In this week's water and wastewater news, senior official Betsy Southerland leaves the EPA with a scathing farewell message renouncing Administrator Scott Pruitt's handling of the agency; and an Indiana wastewater superintendent is suspended after the start of an FBI investigation
A 30-year U.S. EPA senior official left federal service Aug. 1 convinced that her agency is being steered in a disastrously wrong direction, according to her farewell message posted by Public Employees for Environmental Responsibility (PEER).
Betsy Southerland has a Ph.D. in environmental science and engineering and has worked in both the private sector and state government. At the EPA, she served in both the Water and Superfund programs as a senior executive, managing first as a division director in both programs and then as the director of the Office of Science and Technology in the Office of Water. In 2015 she received the Distinguished Presidential Rank Award.
As an eyewitness to the wreckage caused by Administrator Scott Pruitt and his cadre of political appointees, Southerland warns in her farewell message that Pruitt has “repeals of 30 rules under consideration” most of which aim at “industry deregulation” of an array of toxic substances and practices that can threaten human health; seeks “abandonment of the polluter pays principal that underlies all environmental statutes;” and is pursuing policies that promise to repeat human health and environmental catastrophes, such as Flint, Michigan’s drinking water crisis.

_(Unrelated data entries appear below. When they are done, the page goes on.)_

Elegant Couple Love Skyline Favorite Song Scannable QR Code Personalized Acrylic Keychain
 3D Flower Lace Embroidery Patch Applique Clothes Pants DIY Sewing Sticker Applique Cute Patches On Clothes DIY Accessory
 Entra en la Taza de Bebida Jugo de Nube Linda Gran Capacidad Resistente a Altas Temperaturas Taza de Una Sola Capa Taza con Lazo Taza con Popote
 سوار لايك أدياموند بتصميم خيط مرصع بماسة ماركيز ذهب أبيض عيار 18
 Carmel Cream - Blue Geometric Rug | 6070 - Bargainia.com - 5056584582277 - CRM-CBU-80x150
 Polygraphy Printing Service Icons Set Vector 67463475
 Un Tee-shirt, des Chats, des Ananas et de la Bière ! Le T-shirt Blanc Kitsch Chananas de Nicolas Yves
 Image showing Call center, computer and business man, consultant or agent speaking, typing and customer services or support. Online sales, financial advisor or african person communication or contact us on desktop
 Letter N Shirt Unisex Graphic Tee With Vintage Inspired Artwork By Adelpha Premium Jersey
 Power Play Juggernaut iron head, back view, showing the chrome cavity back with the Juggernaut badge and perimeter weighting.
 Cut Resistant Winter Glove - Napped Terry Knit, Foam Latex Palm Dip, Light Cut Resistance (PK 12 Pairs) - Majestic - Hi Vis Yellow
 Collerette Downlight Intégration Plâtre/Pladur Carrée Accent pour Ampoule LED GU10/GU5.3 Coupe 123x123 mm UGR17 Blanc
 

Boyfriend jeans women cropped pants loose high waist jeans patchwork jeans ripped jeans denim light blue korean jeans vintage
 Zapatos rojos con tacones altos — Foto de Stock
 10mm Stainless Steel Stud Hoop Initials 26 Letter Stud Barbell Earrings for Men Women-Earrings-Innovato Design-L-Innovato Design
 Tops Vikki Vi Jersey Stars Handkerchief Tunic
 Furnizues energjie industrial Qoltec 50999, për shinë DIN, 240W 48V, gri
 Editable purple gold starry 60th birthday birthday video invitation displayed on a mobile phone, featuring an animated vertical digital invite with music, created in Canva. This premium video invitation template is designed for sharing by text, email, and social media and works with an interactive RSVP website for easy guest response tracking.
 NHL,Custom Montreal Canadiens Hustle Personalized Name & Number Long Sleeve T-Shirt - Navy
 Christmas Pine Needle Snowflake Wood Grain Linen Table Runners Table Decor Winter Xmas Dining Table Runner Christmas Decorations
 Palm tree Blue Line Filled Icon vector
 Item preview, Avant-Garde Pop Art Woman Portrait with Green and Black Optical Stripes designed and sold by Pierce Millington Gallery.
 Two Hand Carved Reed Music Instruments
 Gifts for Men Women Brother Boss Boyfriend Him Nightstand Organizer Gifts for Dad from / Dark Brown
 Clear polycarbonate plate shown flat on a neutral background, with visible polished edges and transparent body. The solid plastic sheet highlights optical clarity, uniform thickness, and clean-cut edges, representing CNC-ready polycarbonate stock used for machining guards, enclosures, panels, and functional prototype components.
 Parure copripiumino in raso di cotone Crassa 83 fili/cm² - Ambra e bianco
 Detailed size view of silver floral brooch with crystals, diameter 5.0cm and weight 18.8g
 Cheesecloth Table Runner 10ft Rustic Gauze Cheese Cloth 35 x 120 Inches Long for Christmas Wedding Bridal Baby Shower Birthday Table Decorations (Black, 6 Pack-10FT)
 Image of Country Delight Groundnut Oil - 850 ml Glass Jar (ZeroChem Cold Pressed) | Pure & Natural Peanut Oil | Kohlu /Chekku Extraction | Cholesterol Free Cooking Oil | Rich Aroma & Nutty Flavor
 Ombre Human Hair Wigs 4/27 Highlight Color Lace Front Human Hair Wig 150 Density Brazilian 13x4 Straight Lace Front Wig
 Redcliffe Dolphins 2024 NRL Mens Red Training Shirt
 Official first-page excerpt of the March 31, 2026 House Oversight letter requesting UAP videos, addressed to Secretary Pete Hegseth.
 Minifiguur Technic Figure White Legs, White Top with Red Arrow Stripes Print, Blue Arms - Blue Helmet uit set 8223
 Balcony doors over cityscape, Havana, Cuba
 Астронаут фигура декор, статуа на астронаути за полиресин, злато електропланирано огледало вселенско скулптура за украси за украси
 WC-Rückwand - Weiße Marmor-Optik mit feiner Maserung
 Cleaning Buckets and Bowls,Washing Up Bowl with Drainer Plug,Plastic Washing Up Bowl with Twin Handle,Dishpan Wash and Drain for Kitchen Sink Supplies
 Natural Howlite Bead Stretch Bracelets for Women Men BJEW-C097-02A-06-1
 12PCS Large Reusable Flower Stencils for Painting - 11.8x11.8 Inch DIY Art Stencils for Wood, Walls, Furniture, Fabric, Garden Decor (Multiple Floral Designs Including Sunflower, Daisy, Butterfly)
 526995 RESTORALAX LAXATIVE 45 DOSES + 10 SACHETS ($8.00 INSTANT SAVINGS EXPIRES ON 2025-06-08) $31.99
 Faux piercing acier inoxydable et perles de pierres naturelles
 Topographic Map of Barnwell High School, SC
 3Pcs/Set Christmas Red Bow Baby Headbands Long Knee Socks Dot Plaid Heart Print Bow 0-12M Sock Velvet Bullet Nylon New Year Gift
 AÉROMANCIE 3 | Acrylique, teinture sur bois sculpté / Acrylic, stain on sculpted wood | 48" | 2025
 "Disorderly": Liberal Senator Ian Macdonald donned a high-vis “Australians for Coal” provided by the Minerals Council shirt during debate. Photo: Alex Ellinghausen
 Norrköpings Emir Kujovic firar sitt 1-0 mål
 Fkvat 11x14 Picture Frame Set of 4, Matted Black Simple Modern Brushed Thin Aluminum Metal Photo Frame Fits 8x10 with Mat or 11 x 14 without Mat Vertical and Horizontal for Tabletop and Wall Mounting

Terre Haute Wastewater Superintendent Suspended During FBI Investigation
Following a recent FBI investigation into plant operations, Terre Haute, Indiana’s Board of Sanitary Commissioners has suspended City Wastewater Superintendent Mark Thompson with pay.
Two Class IV operators employed by the city will manage the facility in the interim.
Board attorney Terry Modesitt acknowledges the FBI investigation. “We do know from people they have contacted here at the city that they’ve stated Mark Thompson is the target of that investigation.”
The FBI has yet to comment on the investigation other than to confirm it is happening.
Source: The Rushville Republican
Operator Error Leads to 1 Million Gallon Holding Tank Overflow
An operator’s error at the South Bend (Indiana) Wastewater Treatment Plant caused a 10,000-gallon spill of partially treated wastewater into the St. Joseph River.
The error caused a holding tank to overflow an estimated 1 million gallons within the facility, and workers cleaned all of it but 10,000 gallons before it spilled into the river.
Contributing factors to the spill included an ongoing construction project at the plant and heavy rains the night of the accident, according to the city’s utilities director.
Source: The Sacramento Bee
Residents of Pennsylvania Town Debate With Water Utility
Residents of Pocono Mountains, Pennsylvania, crowded a recent hearing held by Pennsylvania-American Water Co. to voice complaints about water quality and a proposed $108 million rate increase.
One of those in attendance presented two bottles of water he filled from his tap, saying they were representative of the water quality residents have been getting.
Administrative law judge Dennis Buckley allowed the bottles of water to be admitted into the record, noting that one was brown from manganese and the other was clear by had an unidentifiable particulate floating in it.
Company President Jeff McIntyre says the company has been addressing brown water and that the rate increase will help upgrade the treatment facility. “The manganese in the raw water has come up over time and created challenges,” he says.